À peine nommé, Alloui s'est donné, par décret, des pouvoirs spéciaux et a rétabli la peine de mort pour affronter le legs des États-Unis: une guerre civile larvée qui oppose différents groupes de guérillas nationalistes, allant des anciens partisans de Saddam Hussein aux islamistes radicaux, à ce gouvernement et à l'armée américaine, qui détient toujours la réalité du pouvoir avec son contingent de 140000 GIs, tandis que les grandes entreprises américaines contrôlent l'économie irakienne.
Avec bien du mal, les différentes factions irakiennes qui ont accepté de jouer le jeu proposé par les États-Unis ont mis sur pied un "Parlement provisoire" d'une centaine de députés, où les "grands partis", baptisés "Unité nationale irakienne", pourront approuver le budget 2005 et dire leur mot sur les prochaines élections.
Le nouveau gouvernement irakien, qui a appelé les anciens fonctionnaires de Saddam Hussein à le rejoindre, fait le pari qu'il pourra gagner en légitimité et qu'il tiendra face aux mouvements qui le contestent. Les États-Unis, eux, ont fait le pari qu'en mettant des soldats irakiens en première ligne, il y aura moins de soldats américains de tués. Ce qui est bon à prendre en cette période pré-électorale... américaine.
Mais les pleins pouvoirs n'ont pas donné plus de crédit au nouveau gouvernement, qui a dû affronter tout l'été une nouvelle vague d'affrontements armés, d'attentats et de prises d'otages.
Dans la crise de Nadjaf, le gouvernement irakien a cependant dû faire appel à la médiation d'un autre religieux chiite pour désamorcer l'opposition d'un chiite radical.
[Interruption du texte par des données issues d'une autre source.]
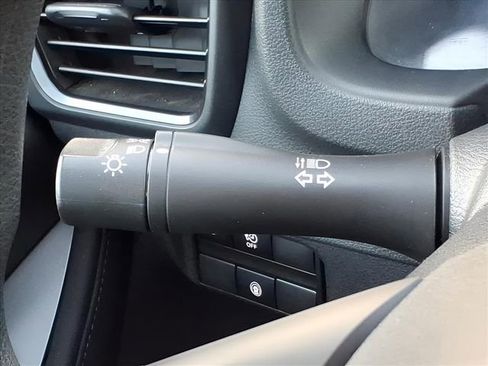 Used 2020 Nissan Leaf S w/ S Charge Package image 27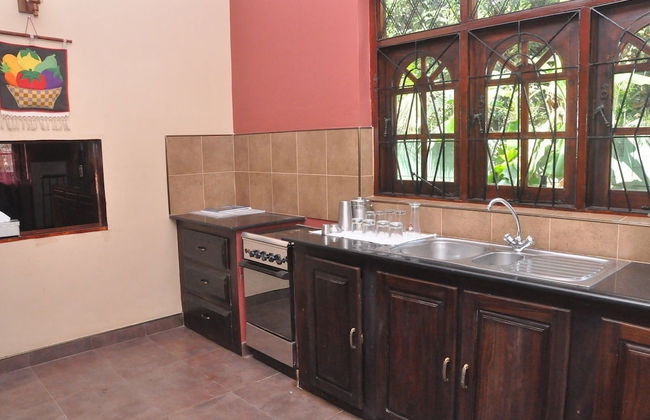 Casual Stay Villa - Foto 5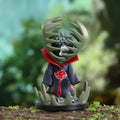 ZETSU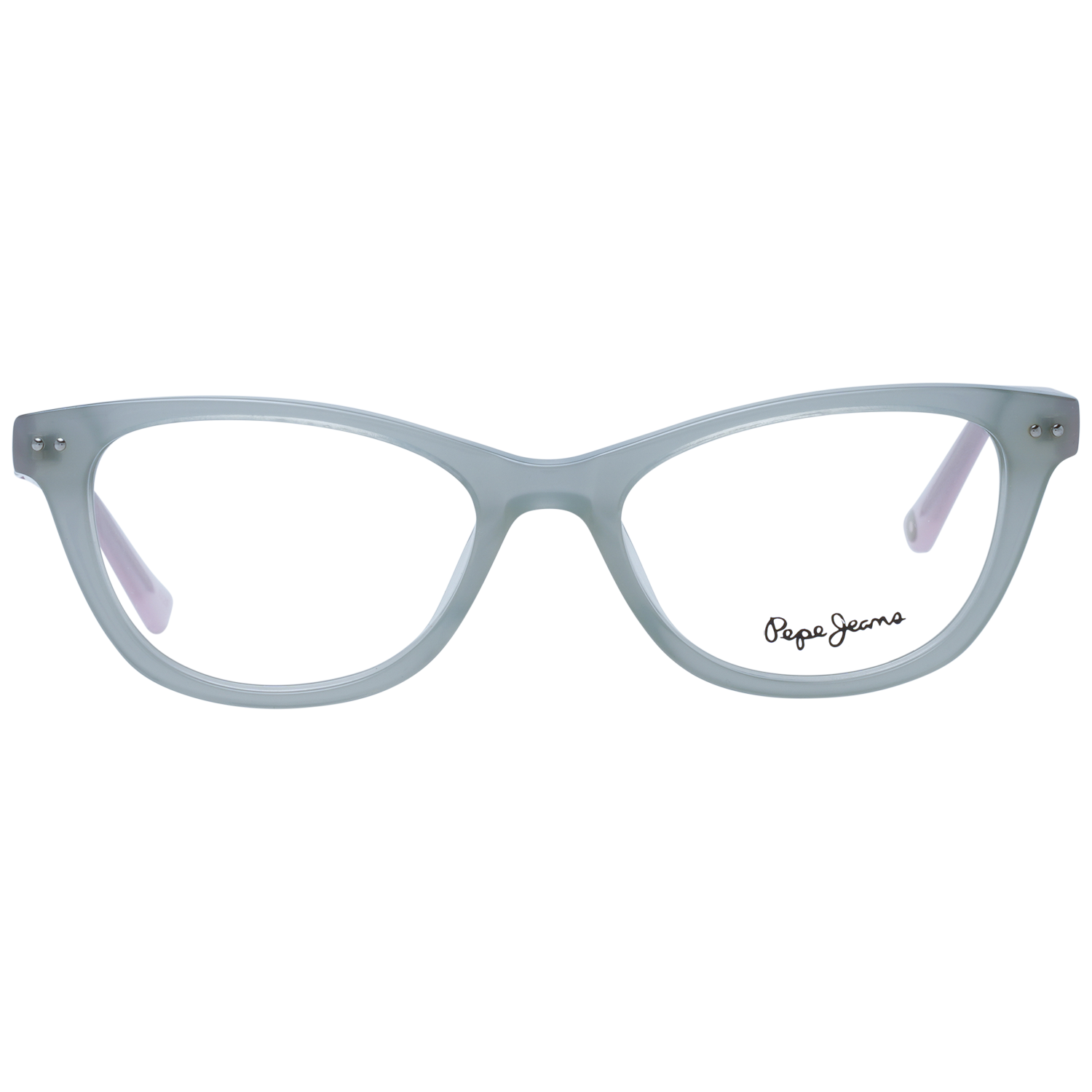 PEPE JEANS EYEWEAR PJ3401 48C3 Sonnenbrille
C'est un signe de plus que, dans le chaos créé par l'intervention américaine, le clergé chiite, qui domine déjà l'Iran, pourrait finir par tirer plus de gain politique que le gouvernement irakien. Mais si demain telle ou telle faction chiite prenait le pas sur le gouvernement irakien, la population irakienne, elle, continuerait d'en faire les frais, comme elle n'a cessé de le faire avec les années d'embargo, les guerres et, maintenant, l'occupation américaine.